Guest Column | May 2, 2019

Demonstrating Value And Securing Patient Access For Cell And Gene Therapies

By Mathias Cousin, Sanjay Srivastava, Amit Agarwal, and Rebecca Brian, Deloitte

Money Peeking Out of Tall Grass

Part 1 in a three-part series

Because the parameters for ex vivo cell and gene therapy manufacturing differ considerably from chemical drug production, life sciences companies are likely to encounter challenges along key stages of the product life cycle.

Ex vivo cell and gene therapies were among the first cell and gene therapies to gain FDA approval and could extend patients’ lives significantly. Successful applications have been seen in oncology, where therapies can counteract how tumors suppress the immune system to effectively attack tumor cells.1 Chimeric antigen receptors added to T cells (CAR-T) and injected back into the patient are demonstrating encouraging results: Early studies show CD-19-targeted CAR-T therapy treatments from Novartis, Juno, and Kite provide positive results in a range of liquid cancers. Patients from some of these trials have experienced greater than one-year remissions with persistence of CAR T cells.2

CAR-T, a cell therapy technology, represents the first approved and currently largest share of the global cell and gene therapy market. The United States and China are the leaders in the development of cell therapies; the United States alone has the most therapies under investigation (300+). The FDA expects 200 cell and gene therapy investigational new drug applications each year by 2020, with 15 to 20 approvals each year by 2025.3

Two CAR-T products are currently on the market, and global sales of approved ex vivo cell and gene therapies (including CAR-T) are expected to reach $3 billion in 2022 (Figure 1).
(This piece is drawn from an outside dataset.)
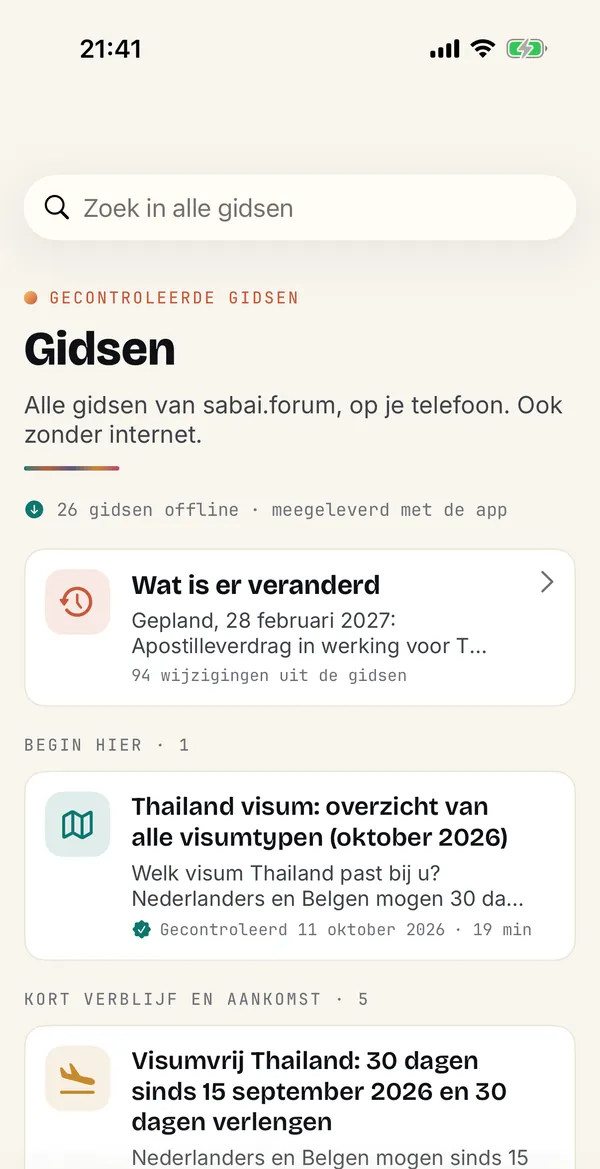 Gidsen in de Sabai-app: de gecontroleerde visumgidsen, ook offline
While CAR-T holds great promise for transforming the treatment for cancer, and other autologous therapies (leveraging similar vectors) may do the same with other diseases (e.g., sickle cell anemia), achieving commercial success for an individual cell and gene therapy has proven difficult. Because the parameters for ex vivo gene and cell therapy manufacturing differ considerably from chemical drug production, life sciences companies are likely to encounter potential challenges in four key areas (Figure 2):

  • Patient access
  • Supply chain and manufacturing
  • Customer and patient engagement
  • Healthcare provider (HCP) network

This three-part article series explores major challenges and lessons learned for biopharma companies developing and launching new cell and gene therapies. We begin our review with a particularly thorny issue: overcoming “sticker shock” and securing patient access despite the limitations of current payment models.

Patient Access Challenges

A major hurdle for cell and gene therapy manufacturers is securing patient access and establishing the appropriate funding/reimbursement mechanisms so providers are willing to prescribe these highly customized, clinically intensive, and costly drugs. Potential barriers to access include sticker shock for patients and payers; uncertainty about the long-term value of the drug (e.g., the duration of its effect); lack of analogs on financial flows between health systems, manufacturers, and payers; lack of understanding of proper coding guidance for health systems; and stringent payer authorization requirements on reimbursement.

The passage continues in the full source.